I joined Canonical almost two years later as employee 165. Jono Bacon was not based in the same office as me, but he was one of my new colleagues and was in the office and the pub on one of my first days at Canonical. He may well not remember, but he was one of the first people I spent time within Canonical. I was a newbie to open source. I quickly realized that despite what I had thought when I joined, I didn’t understand it. It took me six months to “get it,” to begin to really understand openness and collaboration.
Today, over a decade later, I am on a constant learning curve, learning about both the technology and the people.

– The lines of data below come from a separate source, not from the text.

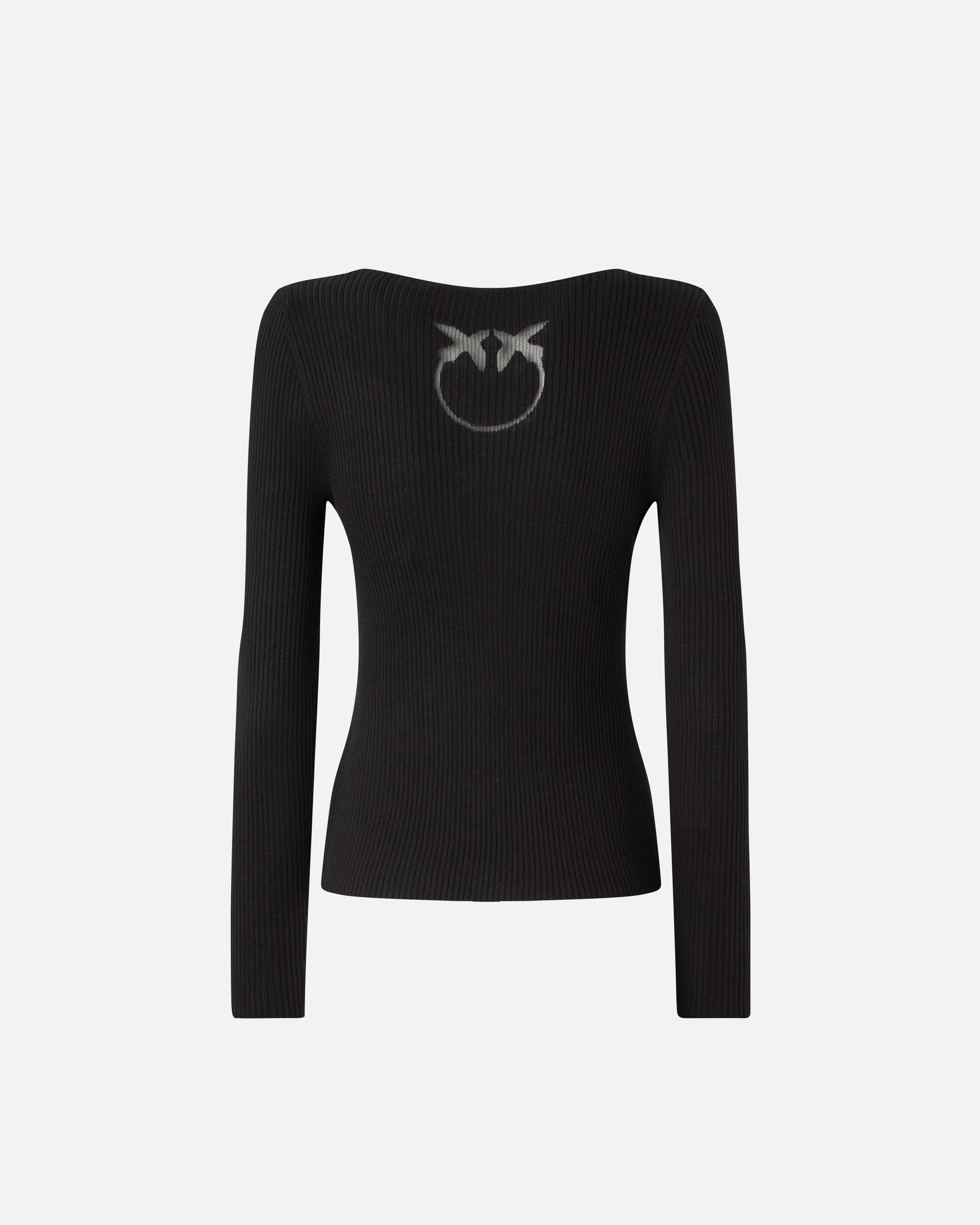 CROPPED CARDIGAN WITH BIRD LOGO ON THE BACK - 2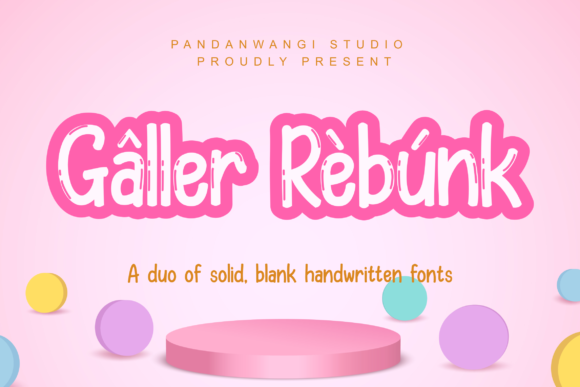 Galler Rebunk: A Friendly Handwritten Font for Brands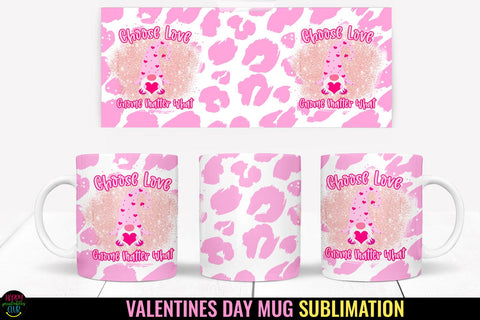 Valentines Gnome Mug Wrap Sublimation I Valentine Mugs PNG Sublimation Happy Printables Club 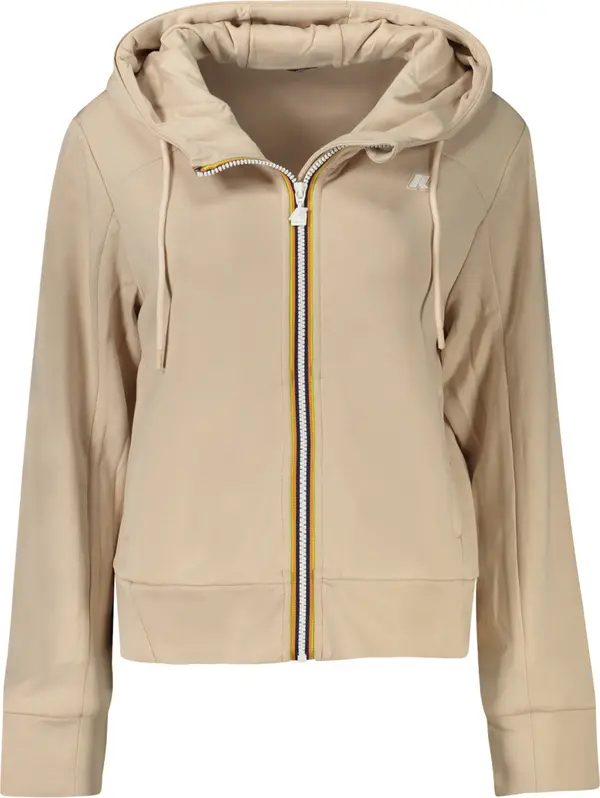 K-Way Дамски розов суитшърт с цип K-WAY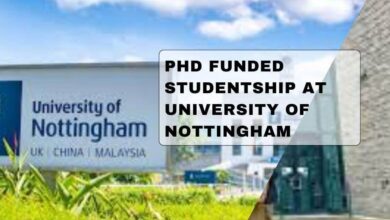 PhD Funded Studentship At University Of Nottingham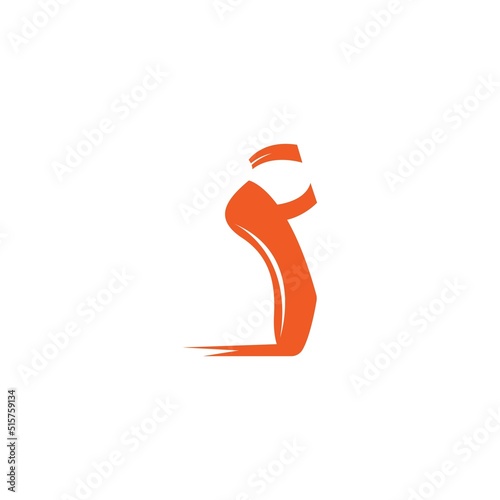 Ballet shoes icon logo illustration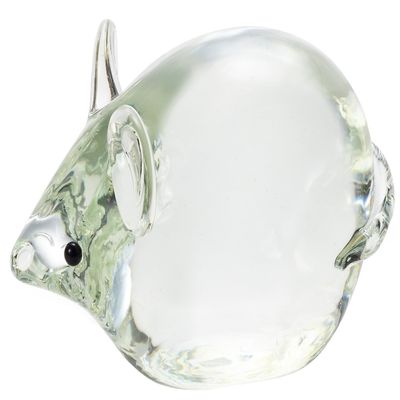 Aderia F-47115 ETOmusubi Transparent Child (Glass/Zodiac/Handmade) Made in Japan with Gift Box Interior New Year Decoration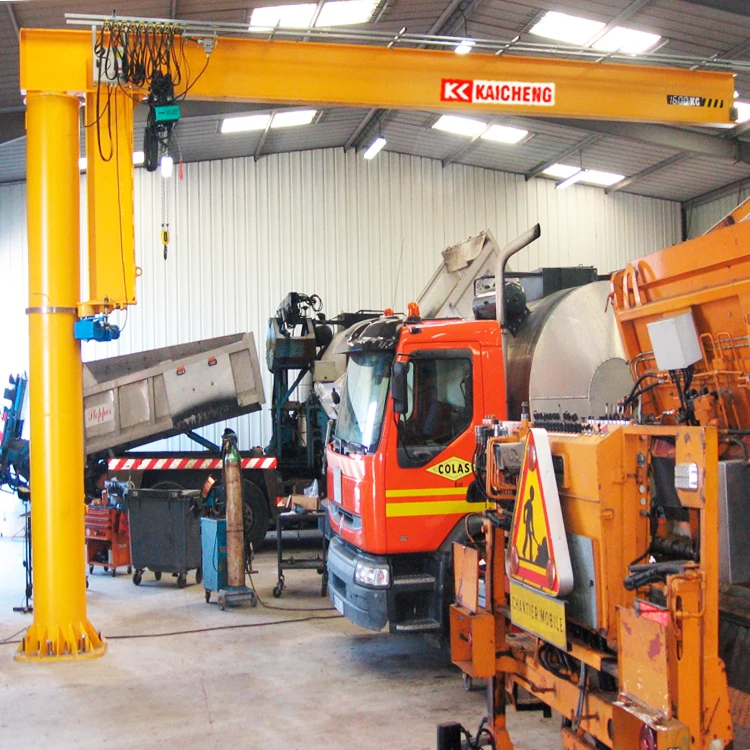 Поворотный подъемный кран KAICHENG, 2 тонны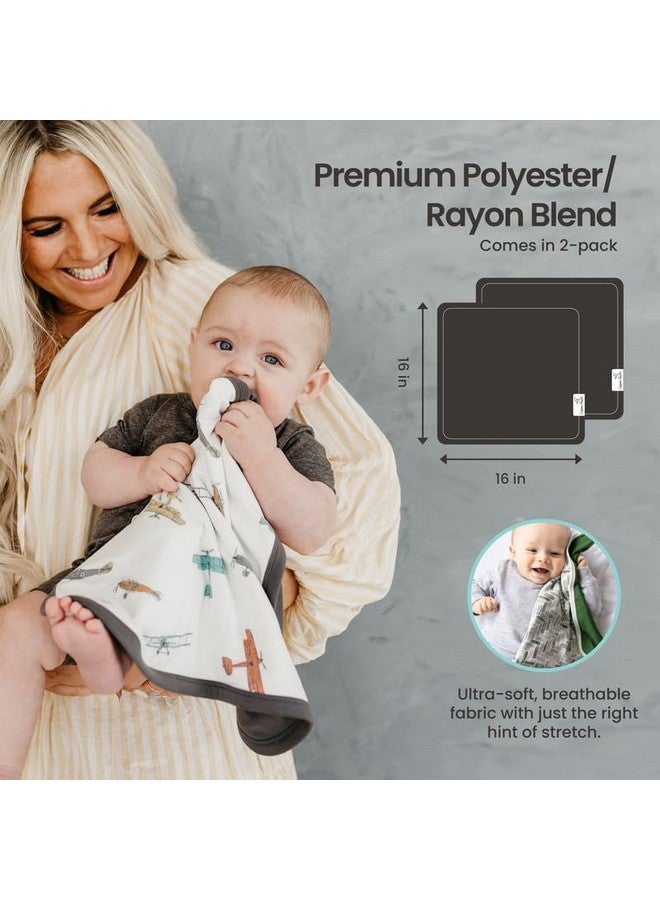 Copper Pearl Baby Security Blanket Set of 2 - Portable Size for Self-Soothing On-The-Go, Ideal Baby Blankets for Boys and Girls, Ultra-Soft, and Gift-Ready Loveys - Haven - Image 3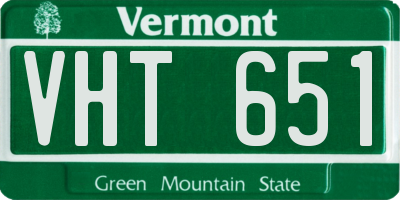 VT license plate VHT651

The people and the communities they form are core to anything open or collaborative, whether those are the distributed communities of software developers, the lawyers advising them or the internal communities of companies. As Jono explains, those communities create much of the value of a business or project and failing to build and nurture them, or to take them with you, will inevitably end in disaster.
Jono is one of the open source leaders who taught me a lot and to whom I am eternally grateful. Like Jono, I was in the privileged position of working for Canonical and its founder Mark Shuttleworth. I had the opportunity to learn from great folk in a global community, with unique knowledge across the world of open source. Canonical hired people based on skills, not location. At that moment in time, we were the cool kids of open source. From the outside, knowing where to go to tap into those knowledgeable people and their thoughts could be difficult.
With digital transformation and the success of open source in the enterprise, open source is constantly held out by all sectors of business as the poster child of collaboration and communities — from the regulators and those seeking to manage how these newfound collaborations can work within the law, to the traditional, not tech, companies trying to build their own digital and internal communities.
That’s absolutely right and deserved. But open source and its tremendous communities didn’t just happen overnight. It’s taken decades of hard work by great people like Jono to achieve seamless collaboration and engaged communities. And as Jono says, sharing is a vulnerability, there have been lots of failures along the way. “There is no silver bullet or guarantee that your community is going to succeed.” Something I also know only too well.
I noted with interest the quote from Jim Zemlin of the Linux Foundation: “A mistake some companies make is an unwillingness to release some control of the project to the community.” The true test of a community is when people “want to jump through hoops to help them, you and the rest of the community be successful.”
The Bacon Method
“People Powered” is unique, as is its author’s experience in bringing two decades of working with hundreds of companies to build communities, “groups of people united by a common interest” whether these are for marketing, collaboration or building a product.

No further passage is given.